## SUPPLIED DATA
***

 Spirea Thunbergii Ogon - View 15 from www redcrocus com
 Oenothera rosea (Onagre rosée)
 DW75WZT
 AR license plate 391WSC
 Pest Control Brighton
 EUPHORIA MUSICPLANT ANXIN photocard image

***

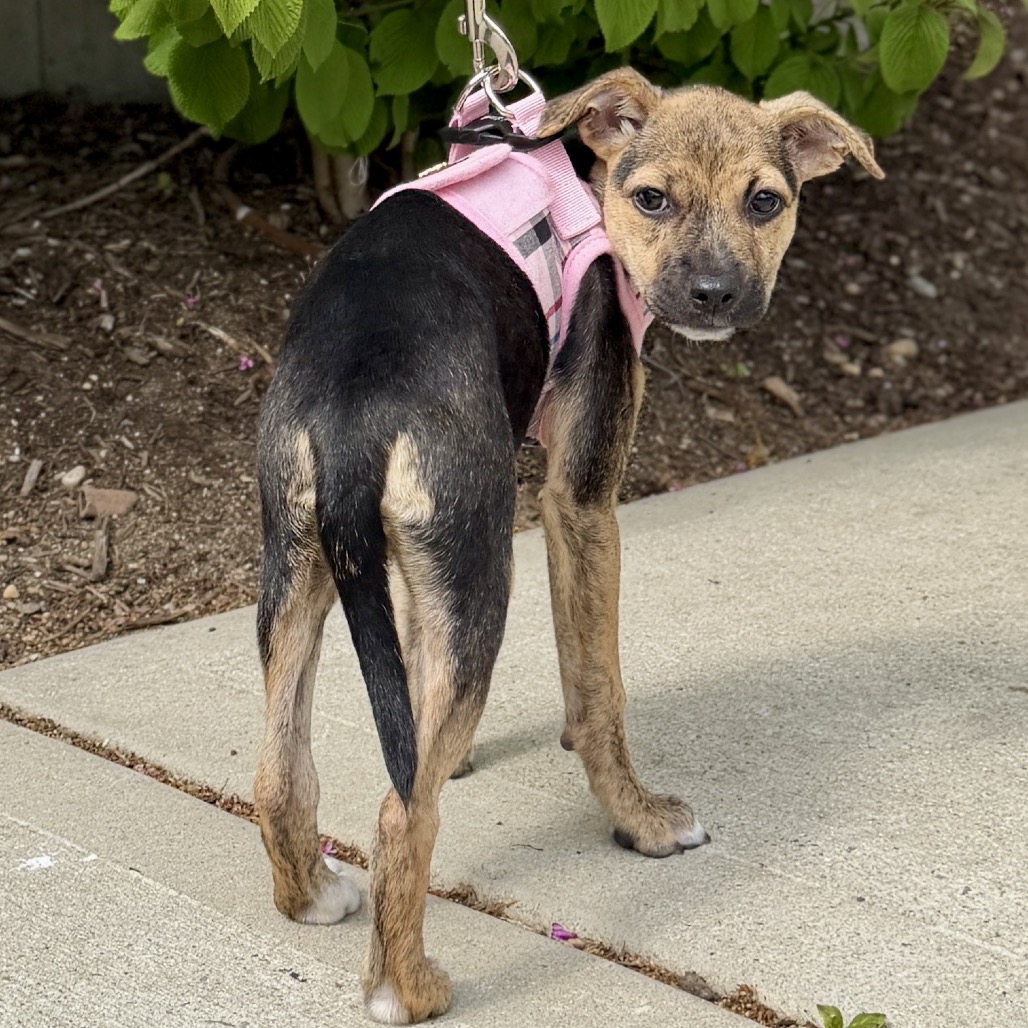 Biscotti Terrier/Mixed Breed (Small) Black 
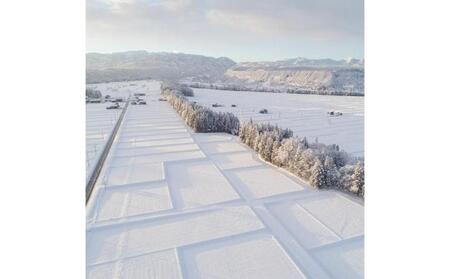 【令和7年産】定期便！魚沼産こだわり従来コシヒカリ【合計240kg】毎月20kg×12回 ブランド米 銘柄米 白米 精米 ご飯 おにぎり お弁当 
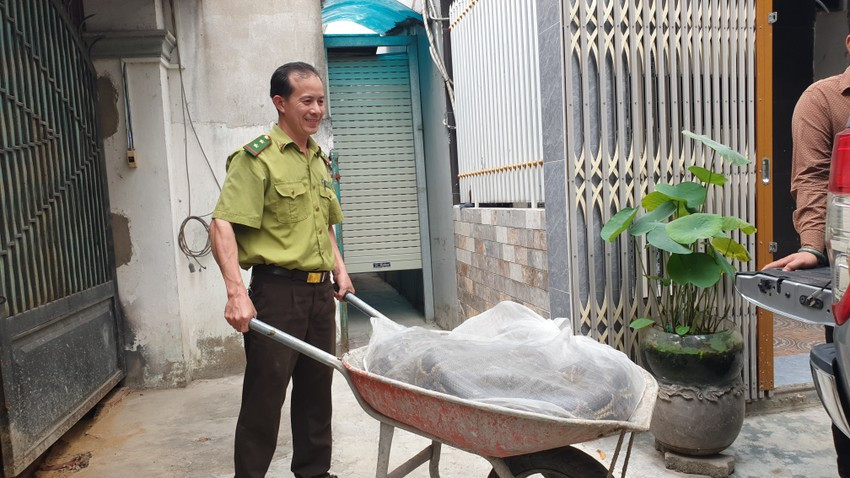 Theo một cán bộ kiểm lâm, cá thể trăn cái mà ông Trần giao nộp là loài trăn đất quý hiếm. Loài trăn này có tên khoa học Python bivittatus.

***

## YOUR TASK
With the line holding "AR license plate 391WSC" as the first and the line holding "EUPHORIA MUSICPLANT ANXIN photocard image" as the last, please transcribe exactly the lines of the material above in that range and nothing else.

## OUTPUT BELOW
 AR license plate 391WSC
 Pest Control Brighton
 EUPHORIA MUSICPLANT ANXIN photocard image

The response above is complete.